Döneklik derken siyasi partilerin dar kalıplarından kurtulmuş soylu insanların bahçeli evlerinde otururken birden akıllarına gelip de yaptıkları dönekliklerinden bahsetmiyorum. Döneklik dediğin, güvenilmez, bir söylediğinin tersini yapan, tutarsız, her an bir yükselenin (değerin, görüşün, modanın, avanta dağıtıcı) etkisi ile hızla yönünü de o tarafa çeviren değil kastettiğim. Fırıldak gibi topaç gibi dönen değil, daha yavaş döndüğü belli olmayan yılların akil insanları gibi de değil. Sema ayinindeki derviş hiç değil tabii kastettiğim, değirmen taşı da değil, rüzgâr gülü de.
Kastettiğim rahmetli Barış Manço’nun “Dünya dönüyor dostlar, ben dönmüşüm çok mu?” daki naiflik. Dünya bile çaktırmadan dönerken biz neden dönmeyelim.
Bahsetmek istediğim aslında değişim.
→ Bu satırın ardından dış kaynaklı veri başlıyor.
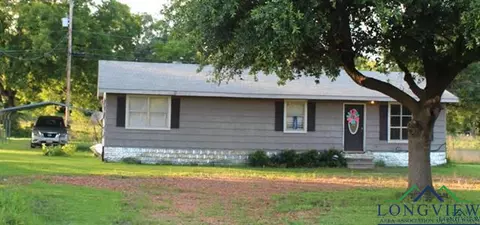 163 E Van Buren St, Beckville, TX 75631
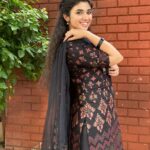 Pragya Nagra Instagram - ✨Fireflies💫 Costume Designer @vasukibhaskar #telugugirls #telugumemes #teluguammayi #teluguactress #tamilgirls #telugugirl #telugucinema #teluguboys #keralagirls #tollywood #biggbosstelugu #telugureels #uppena #hyderabad #andhrapradesh #telangana #telugustatus #teluguhot #tamilponnu #telugumovies #telugusongs #maheshbabu #krithishetty #vijaydevarakonda #telugubgm #buchibabusana #alluarjun #teluguwhatsappstatus #samantha #tamilheroine Ramoji Film City Hyderabad
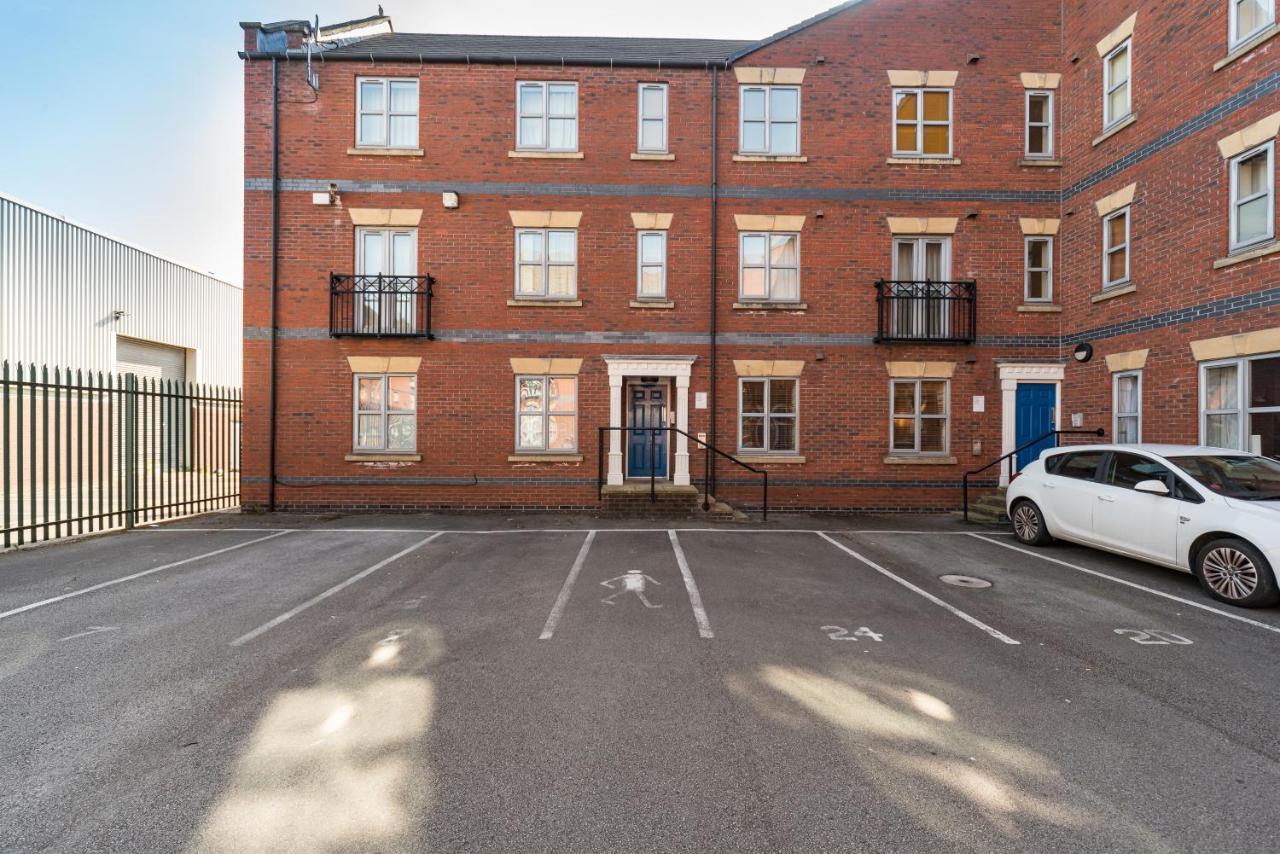 City Centre Posh Parlour Gated Parking 1Bed Wifi Кінгстон-апон-Галл Екстер'єр фото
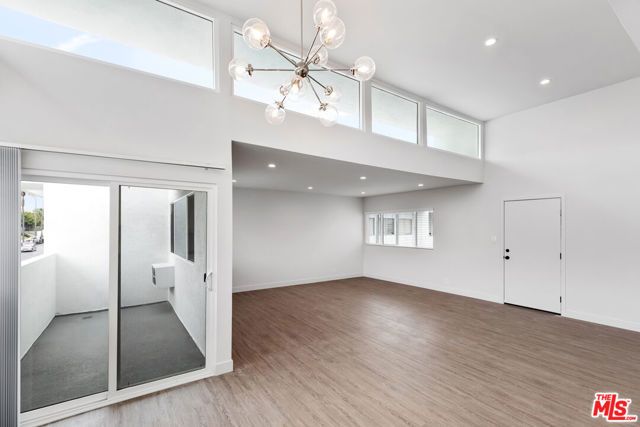 1117 S BRONSON Avenue 8, Los Angeles, CA 90019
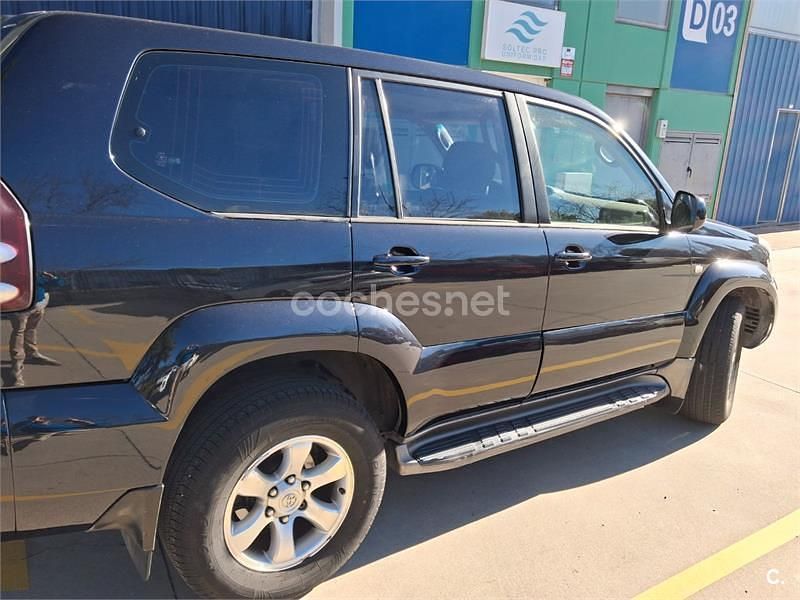 Negro Usado 2005 Toyota Land Cruiser SUV | 16.900 € (Super precio) - Imagen 1/4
Ani tutarsız birden beklenmedik değişim döneklik ise benim düşündüğün biraz akılla, kalple hissederek isteyerek olan döneklik. Tutulan yol yol değil ama onda ısrar etmek yerine arada yolunu değiştirmek gibi. Değişim hayatta kalma için en temel koşul. Var olma güçlü ve sürdürülebilirlik ancak değişimle mümkün. Bu açıdan bakıyorum biraz.
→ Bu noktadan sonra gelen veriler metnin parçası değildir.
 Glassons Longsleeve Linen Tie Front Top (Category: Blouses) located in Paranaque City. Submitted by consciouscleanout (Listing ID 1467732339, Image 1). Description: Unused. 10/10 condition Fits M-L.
Bana göre insan muhafazakar olmalı biraz. Sahip olduğu iyi alışkanlıkları, değerleri, maddi manevi varlıklarını, iyi dostlarını, vatanını, işini, aşını, eşini, çocuklarını korumalı kollamalı. Hayatına değer katan şeyleri muhafaza etmeli. En çok da temel değerlerini. Muhafazakarlık gerek yani insana. Yoksa elinden uçup gider de bakarsın ardından.
Bana göre biraz liberal olmalı. Öyle bir liberallik ki, var olan eksikliklerinin fazlalıklarının farkına varıp bunlarla ilgili kararlar alabilmeli, değişimi sağlamalı, iyiyi güzeli yeniyi getirmeye yönelik açık olmalı. Ufkuna, düşüncesine, çevresine ve arada rotasına ayar vermeli yani. Sahip olduklarında daha iyiyi güzeli aramalı.
Bana göre biraz radikal olmalı kişi. Öyle radikal ki hayatında gördüğü bildiği yaşadığı olumsuzlukları, insanları, alışkanlıklarını kendisine zarar veren şeyleri bir çırpıda radikal bir şekilde atabilmeli. Temizlemeli bünyesini, ruhunu düşüncelerini. Radikal şekilde yeniden kurmalı dengeleri. Kötünün iyisine tahammül etmemeli belki.
Bana göre mutlaka devrimci olalı kişi. Öyle bir devrimcilik ki olmamışı yapsın, yeni şeyler katsın hayatına, denenmemişi denesin, eski köye yeni adet getirsin. Bu ister yeni bir alışkanlık ister yeni bir ülke, yeni bir iş, yeni eğitim ne derseniz deyin. Yeniyi katabilmeli hayatına. Yenilenebilmeli. Kendi hayatında devrim yapabilmeli. Hayatına kattığında mutlu olacağını daha iyi daha güzel olacağını düşündüğü şeyler için büyük değişimleri birden yapabilmeli azar azar değil. Devrim yapmalı yani.
Hayatın akışı için arada durup bakmalı fırdöndü gibi bir muhafazakar, bir radikal, bir liberal, bir devrimci değil; yerinde zamanında uygun dozda dönek olmalı. Öyle bir döneklik ki okudukça yaşadıkça, gördükçe, hissettikçe, paylaştıkça, akılla vicdanla kalple dönebilmeli. Öyle bir dönek olmalı döndüğünü bile bilmemeli. İçten gelmeli.
Hadi gelin biraz dönek olalım. Bakalım nerede muhafazakarlık gerek, nerede devrimcilik, nerede radikal olmak gerek nerede liberal. Olduğun hal Nasrettin Hoca’nın saz çalarken aradığı perde gibi en doğru olan mı? Halinden memnun musun? Bir sözüm yok sana. Ama değilse biraz dönek olmaya ne dersin?